How are you going to tell me what I want? I don’t want war with North Korea and neither does Bush. North Korea won’t be so easy to invade as Iraq without substanital casualities which is why there is suddenly the hand of care. I am simply noticing what you want to waltz over (by the way, you are stepping on her feet). This war would not have kicked off without the less than accurate intel. That is a fact, not a light note to jot on the side of your notebook (regardless of how you try to throw everyone else’s name in as believing it…when he is the leader of the country). Can we now leave an entire group of people and go on about our business? No, we can’t. We started something and, even though it is killing our soldiers, we have to finish it. I would prefer we hurridly allow those people to regain control of their own country and get the hell out of dodge (what was that…no date set to pull out of Iraq? Thanks). My issue is with the turned back we basically gave N. Korea until now as far as attention. I think that was a mistake. NOW they suddenly have nukes whereas before, large explosions were written off as NOT being tests of those weapons? I think Iraq did nothing but dwindle our own forces while the real problem hangs like a black cloud ahead. You are OK with that. I am not.

Vroom,

“Have I ever done anything that would indicate I didn’t have a sense of honor?”

You know, you’re right, and it’s fair that I owe you an apology. While I do generally think that due to the fact that honor requires a certain moral inflexibility and the liberal-left is no position to trumpet ideals given their affection for relativism - you personally have not given me a reason to think you don’t act honorably and for that I apologize.

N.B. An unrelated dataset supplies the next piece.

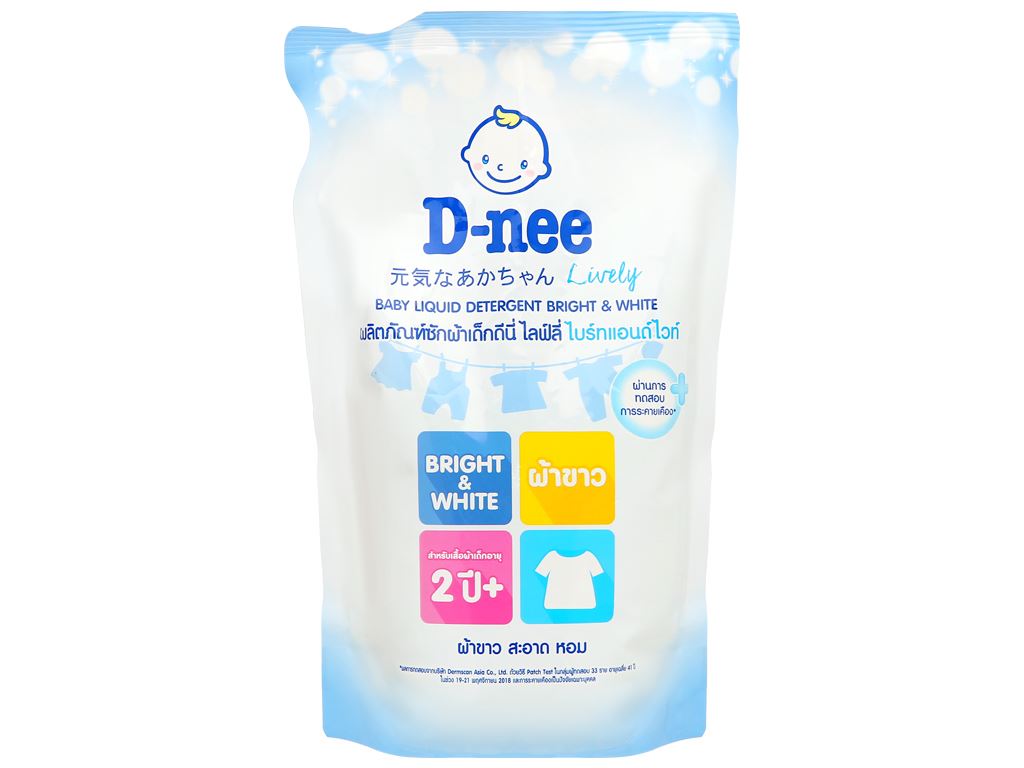 Nước giặt dnee can 3000ml/ túi 550ml thơm dịu an toàn cho bé - nước giặt thái hàng chính hãng có tem đại thịnh!!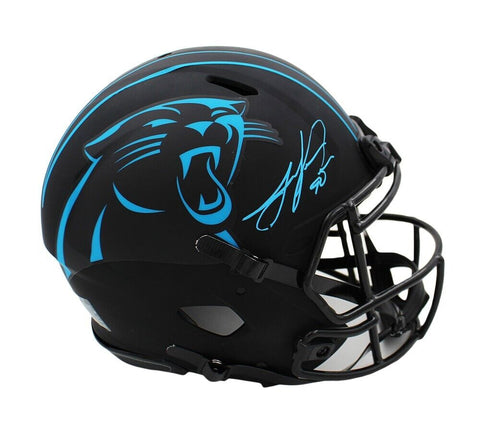Julius Peppers Signed Carolina Panthers Speed Authentic Eclipse NFL Helmet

“Funny, you kool-aid drinkers think it means he doesn’t make any… I guess that is why he is a demigod, because to err is human.”

That would be erroneous - I have laid out many mistakes I think Bush has comimitted personally.

Most Bush supporters don’t think Bush is an infallible demigod and criticism is fair and natural - but they do wish that critics stay rooted in reality.

The majority of the criticism Bush receives around here revolves around some ridiculously silly claims.

For a refresher, read nearly anything posted by JTF.

[quote]rainjack wrote:
The Five Morons are Kerry, Edwards, Reid, Pelosi, and Dean.
[/quote]

Shhh. If you keep saying it the Democrats may figure it out and actually win an election.

Thunder, I appreciate your post. I’ll admit that most of the things JTF posts seem far fetched.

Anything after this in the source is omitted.